Web page caption snippets:
[Start of section]
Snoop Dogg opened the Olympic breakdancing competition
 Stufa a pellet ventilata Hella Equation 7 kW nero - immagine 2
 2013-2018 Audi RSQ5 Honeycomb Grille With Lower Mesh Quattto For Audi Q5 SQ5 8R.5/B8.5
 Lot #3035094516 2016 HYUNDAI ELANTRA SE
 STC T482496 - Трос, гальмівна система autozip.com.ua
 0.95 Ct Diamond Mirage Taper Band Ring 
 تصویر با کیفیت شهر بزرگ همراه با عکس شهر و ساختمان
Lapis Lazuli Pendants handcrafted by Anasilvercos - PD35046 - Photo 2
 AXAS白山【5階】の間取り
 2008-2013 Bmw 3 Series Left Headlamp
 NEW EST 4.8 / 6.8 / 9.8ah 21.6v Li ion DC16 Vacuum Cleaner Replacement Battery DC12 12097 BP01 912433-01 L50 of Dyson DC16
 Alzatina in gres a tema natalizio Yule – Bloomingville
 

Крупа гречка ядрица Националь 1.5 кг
[End of section]
Work order:
Every entry above should be written out again, precisely.

Reply to the exercise:
Snoop Dogg opened the Olympic breakdancing competition
 Stufa a pellet ventilata Hella Equation 7 kW nero - immagine 2
 2013-2018 Audi RSQ5 Honeycomb Grille With Lower Mesh Quattto For Audi Q5 SQ5 8R.5/B8.5
 Lot #3035094516 2016 HYUNDAI ELANTRA SE
 STC T482496 - Трос, гальмівна система autozip.com.ua
 0.95 Ct Diamond Mirage Taper Band Ring 
 تصویر با کیفیت شهر بزرگ همراه با عکس شهر و ساختمان
Lapis Lazuli Pendants handcrafted by Anasilvercos - PD35046 - Photo 2
 AXAS白山【5階】の間取り
 2008-2013 Bmw 3 Series Left Headlamp
 NEW EST 4.8 / 6.8 / 9.8ah 21.6v Li ion DC16 Vacuum Cleaner Replacement Battery DC12 12097 BP01 912433-01 L50 of Dyson DC16
 Alzatina in gres a tema natalizio Yule – Bloomingville
 

Крупа гречка ядрица Националь 1.5 кг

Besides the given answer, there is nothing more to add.